→ Exercise goal
Set the listing down exactly; no pictures.

→ Collected material
###

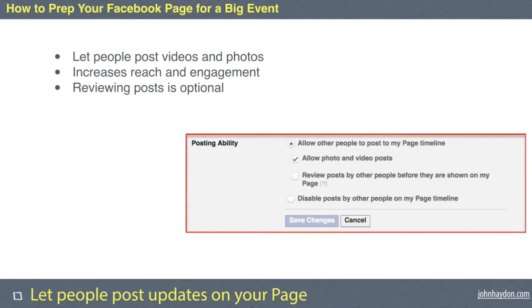The next item is letting people post updates on your page. Some organizations don't allow this, but during an event it's a good idea to let people post content, videos, and photos. This increases the reach and engagement around your page. During a big event, people might post photos, ask questions, or share links — maybe a photo from a previous year's event. When they do, their friends are exposed to your organization.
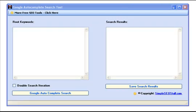Hi, Robert here from simplesseostuff.com. I just uploaded a new software tool to my SEO tools library, a tool that's called Google Autocomplete Search Tool.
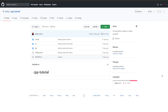Hello guys, CppDev here. Welcome back to the C++ from scratch series. Since we already created the build system based on CMake last time, now we are going to create one based only on make.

###

→ Result of the exercise
The next item is letting people post updates on your page. Some organizations don't allow this, but during an event it's a good idea to let people post content, videos, and photos. This increases the reach and engagement around your page. During a big event, people might post photos, ask questions, or share links — maybe a photo from a previous year's event. When they do, their friends are exposed to your organization.
Hi, Robert here from simplesseostuff.com. I just uploaded a new software tool to my SEO tools library, a tool that's called Google Autocomplete Search Tool.
Hello guys, CppDev here. Welcome back to the C++ from scratch series. Since we already created the build system based on CMake last time, now we are going to create one based only on make.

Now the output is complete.